» To do
Here are the records. Write out exactly the lines between the one holding "angel cat large tote bag (Front)" and the one holding "GENERICO - Lienzo", inclusive.

» Exercise inputs
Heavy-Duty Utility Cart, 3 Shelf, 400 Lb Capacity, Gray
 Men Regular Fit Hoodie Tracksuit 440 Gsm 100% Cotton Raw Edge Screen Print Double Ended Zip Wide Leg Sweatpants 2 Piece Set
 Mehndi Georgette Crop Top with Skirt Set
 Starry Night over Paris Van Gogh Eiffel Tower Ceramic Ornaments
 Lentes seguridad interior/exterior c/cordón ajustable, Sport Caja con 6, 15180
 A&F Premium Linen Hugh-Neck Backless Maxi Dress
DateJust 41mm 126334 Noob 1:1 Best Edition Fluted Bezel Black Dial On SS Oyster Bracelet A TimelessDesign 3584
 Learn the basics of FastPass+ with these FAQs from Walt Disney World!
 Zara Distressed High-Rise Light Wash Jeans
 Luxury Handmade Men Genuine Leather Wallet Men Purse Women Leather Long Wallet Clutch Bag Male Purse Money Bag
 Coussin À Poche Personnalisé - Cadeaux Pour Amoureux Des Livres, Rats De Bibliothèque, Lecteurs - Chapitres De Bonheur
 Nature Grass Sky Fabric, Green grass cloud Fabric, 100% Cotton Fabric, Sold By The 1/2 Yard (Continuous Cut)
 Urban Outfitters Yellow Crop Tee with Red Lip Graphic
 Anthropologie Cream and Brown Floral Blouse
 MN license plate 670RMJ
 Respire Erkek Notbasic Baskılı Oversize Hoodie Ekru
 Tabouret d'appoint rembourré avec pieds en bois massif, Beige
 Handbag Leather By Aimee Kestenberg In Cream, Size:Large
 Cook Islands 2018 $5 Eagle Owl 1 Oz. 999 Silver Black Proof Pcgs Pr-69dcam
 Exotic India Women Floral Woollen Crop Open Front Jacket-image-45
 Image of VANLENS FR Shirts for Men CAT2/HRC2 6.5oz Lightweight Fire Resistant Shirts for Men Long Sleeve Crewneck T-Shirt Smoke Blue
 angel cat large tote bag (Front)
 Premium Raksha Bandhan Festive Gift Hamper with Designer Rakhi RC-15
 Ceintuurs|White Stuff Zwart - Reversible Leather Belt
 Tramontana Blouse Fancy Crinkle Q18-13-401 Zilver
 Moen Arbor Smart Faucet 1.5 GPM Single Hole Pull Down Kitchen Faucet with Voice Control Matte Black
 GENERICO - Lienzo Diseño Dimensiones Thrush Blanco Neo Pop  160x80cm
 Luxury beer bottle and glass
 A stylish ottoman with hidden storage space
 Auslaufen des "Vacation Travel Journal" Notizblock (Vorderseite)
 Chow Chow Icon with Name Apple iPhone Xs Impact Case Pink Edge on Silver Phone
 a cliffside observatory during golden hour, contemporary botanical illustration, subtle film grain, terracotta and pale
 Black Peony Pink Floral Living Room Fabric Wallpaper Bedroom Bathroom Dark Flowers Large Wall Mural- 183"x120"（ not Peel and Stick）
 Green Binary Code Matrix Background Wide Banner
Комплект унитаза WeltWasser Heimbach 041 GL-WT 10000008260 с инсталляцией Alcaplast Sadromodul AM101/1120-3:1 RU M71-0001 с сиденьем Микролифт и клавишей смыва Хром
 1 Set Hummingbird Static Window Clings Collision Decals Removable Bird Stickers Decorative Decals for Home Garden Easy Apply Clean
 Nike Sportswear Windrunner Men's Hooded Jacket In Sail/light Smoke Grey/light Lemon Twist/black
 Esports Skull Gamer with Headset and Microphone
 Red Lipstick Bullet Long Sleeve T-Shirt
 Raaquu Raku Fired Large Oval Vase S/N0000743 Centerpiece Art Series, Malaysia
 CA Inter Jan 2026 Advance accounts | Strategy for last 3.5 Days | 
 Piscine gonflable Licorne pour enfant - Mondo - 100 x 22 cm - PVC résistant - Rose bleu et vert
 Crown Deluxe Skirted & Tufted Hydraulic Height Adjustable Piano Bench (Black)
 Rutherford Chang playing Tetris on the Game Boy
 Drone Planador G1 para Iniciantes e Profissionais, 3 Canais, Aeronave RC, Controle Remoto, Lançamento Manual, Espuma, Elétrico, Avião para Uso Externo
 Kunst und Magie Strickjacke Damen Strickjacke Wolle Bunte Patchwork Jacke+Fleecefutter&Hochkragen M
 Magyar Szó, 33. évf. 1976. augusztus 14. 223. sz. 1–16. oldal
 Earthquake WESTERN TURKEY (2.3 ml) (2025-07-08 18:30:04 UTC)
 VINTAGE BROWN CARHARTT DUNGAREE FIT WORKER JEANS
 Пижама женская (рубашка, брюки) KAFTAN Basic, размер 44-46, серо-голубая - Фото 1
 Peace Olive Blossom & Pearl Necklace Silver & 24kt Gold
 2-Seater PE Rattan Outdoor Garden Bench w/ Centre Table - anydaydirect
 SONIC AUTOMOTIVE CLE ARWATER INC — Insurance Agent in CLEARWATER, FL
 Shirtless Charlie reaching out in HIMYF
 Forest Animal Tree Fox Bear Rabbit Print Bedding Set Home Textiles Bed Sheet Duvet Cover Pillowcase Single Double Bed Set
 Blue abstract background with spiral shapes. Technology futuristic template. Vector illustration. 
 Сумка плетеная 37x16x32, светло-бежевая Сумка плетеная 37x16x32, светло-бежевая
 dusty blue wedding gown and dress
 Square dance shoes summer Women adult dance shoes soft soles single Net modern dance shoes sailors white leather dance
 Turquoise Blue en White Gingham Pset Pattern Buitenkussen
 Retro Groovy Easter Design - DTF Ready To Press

» Finished exercise
 angel cat large tote bag (Front)
 Premium Raksha Bandhan Festive Gift Hamper with Designer Rakhi RC-15
 Ceintuurs|White Stuff Zwart - Reversible Leather Belt
 Tramontana Blouse Fancy Crinkle Q18-13-401 Zilver
 Moen Arbor Smart Faucet 1.5 GPM Single Hole Pull Down Kitchen Faucet with Voice Control Matte Black
 GENERICO - Lienzo Diseño Dimensiones Thrush Blanco Neo Pop  160x80cm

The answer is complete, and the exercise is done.